Economics-based financial planning differs markedly from conventional financial planning. Economics-based planning is grounded in consumption smoothing – the proposition that households want to have a stable standard of living through time as well across good times and bad times. Why else save for retirement? Why else buy life, homeowners, automobile, medical, or longevity insurance? Why else diversify your portfolio?

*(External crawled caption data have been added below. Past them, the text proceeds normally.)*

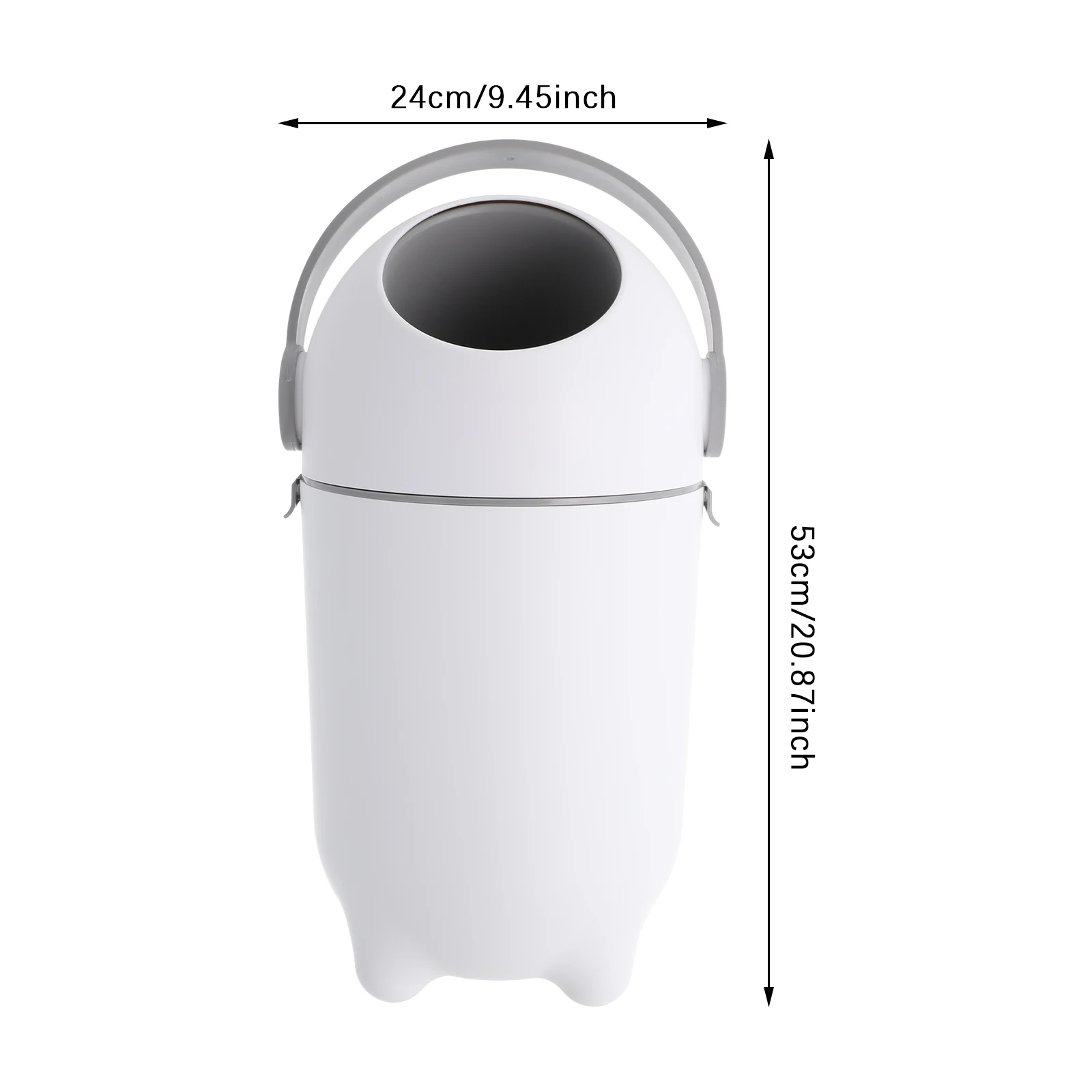 Odorless Diaper Pail, Airtight Diaper Bin, 4 Gallon 15L Nursery Trash Can, Holds 16 Diapers, Press Open Lid, One-Hand Operation, Pull Out Bag, Easy Clean, Small Space, Baby Room, Pet Waste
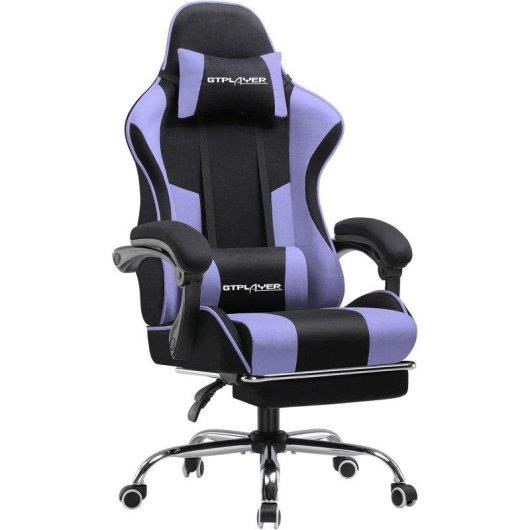 Silla Gaming GTPLAYER Ergonómica con Reposapiés y Masaje Lumbar Tela Violeta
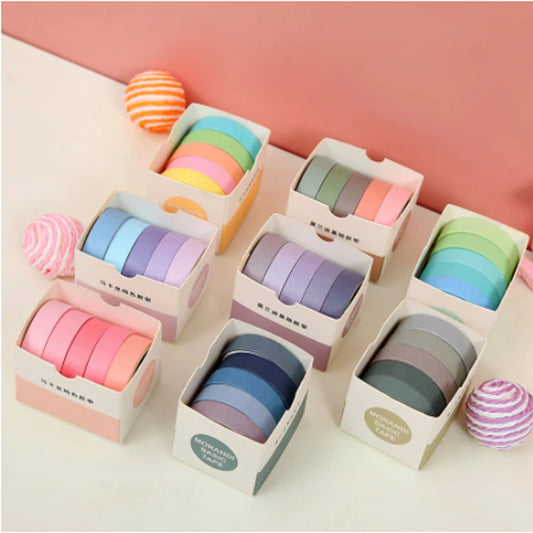 5-Piece Multicolor Washi Tape Set for Scrapbooking, Journaling, Crafts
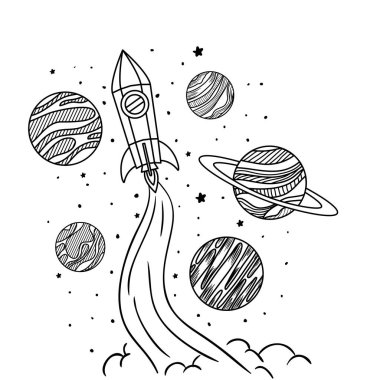 güneş sistemi gezegenleri ile uçan roket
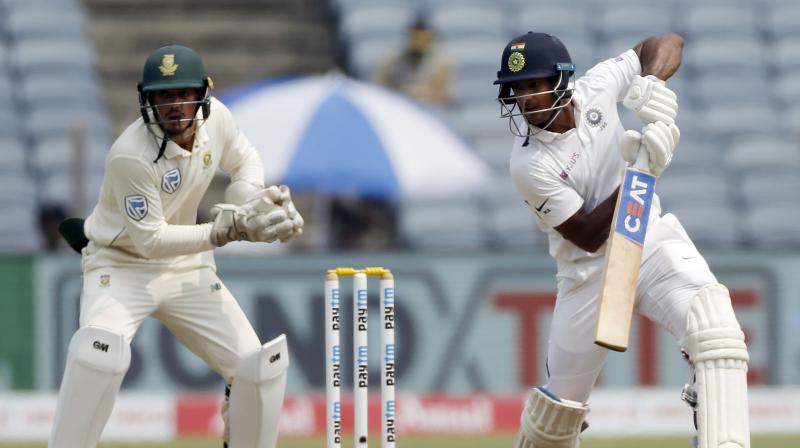 Mayank Agarwal played smartly and waited for the third seamer, rookie Anrich Nortje (1/27 in 5 overs), to be introduced into the attack. (Photo: AP) Mayank Agarwal played smartly and waited for the third seamer, rookie Anrich Nortje (1/27 in 5 overs), to be introduced into the attack. (Photo: AP)
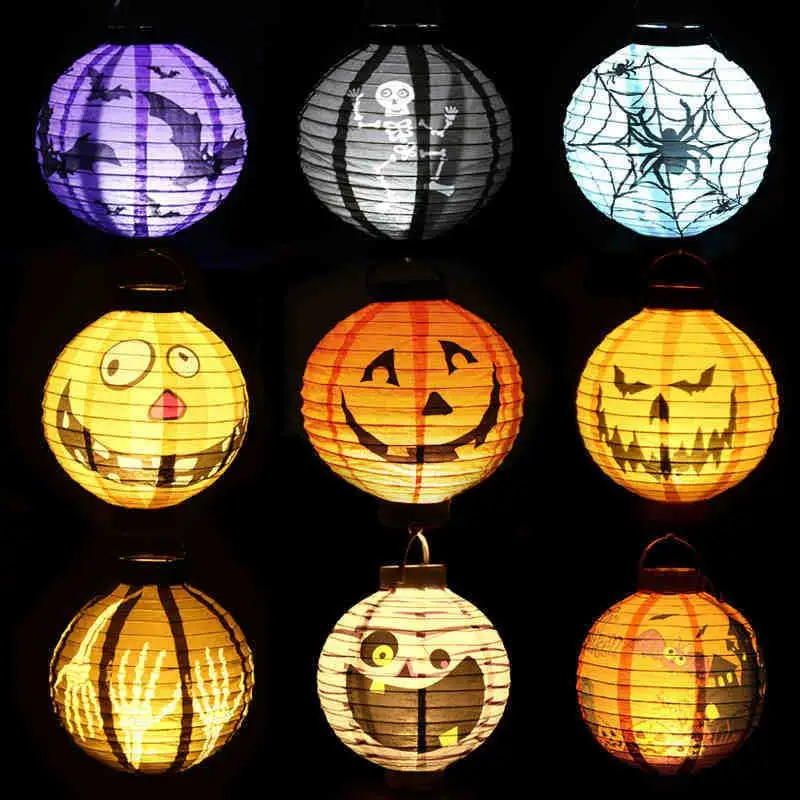 

Halloween party Decoration Paper Lanterns LED Lampion Hanging pumpkin light Bat Spider Black Orange White Lantern lampshade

Physiology meets economics

The instinct to smooth our living standard over time is physiological. We get satiated. We realize that guarding against rainy days –when we can no longer work, when Joey totals the car and when the market crashes – beats splurging now.1

There are two big things that limit our ability to perfectly smooth consumption. The first is cash constraints. A young, middle-class couple with lots of mouths to feed, a large mortgage to pay, and college costs to cover will need to limit its discretionary spending until they get out from under their bills. The couple’s goal is still to smooth its living standard, but only to the extent possible without going into or taking on more debt.

The second reason is uncertainty. Things change. We lose our jobs, we face unexpected medical bills, or the market tumbles. How do we smooth consumption when our economic world is uncertain? First, we insure against downside risks to the extent possible and affordable. Second, we make our spending and saving decisions based on what we expect to happen, taking into account the potential for uninsured events, like losing our jobs, to happen. What about investing, particularly in the stock market, which offers a high average, but also highly risky return? Here we trade off the risk of a drop in our living standard against the potential for a rise.

Unlike the casino, where the bets are unfair, i.e., where we have a greater than 50-50 chance of losing money, the stock market and certain other risky investments are gambles worth taking – up to a point. That point is determined by our degree of risk aversion, which might better be called our coefficient of satiation. When our risk aversion is very high, we are very concerned about risk because we lose a lot more welfare from seeing our living standard fall by a given amount than by seeing it rise by the same amount.